What to work on:
Each line below has to be output exactly, from first to last.

Given information:
========

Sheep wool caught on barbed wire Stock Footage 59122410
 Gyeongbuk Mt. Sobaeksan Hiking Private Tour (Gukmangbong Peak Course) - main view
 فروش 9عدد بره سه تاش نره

========

Exercise result:
Sheep wool caught on barbed wire Stock Footage 59122410
 Gyeongbuk Mt. Sobaeksan Hiking Private Tour (Gukmangbong Peak Course) - main view
 فروش 9عدد بره سه تاش نره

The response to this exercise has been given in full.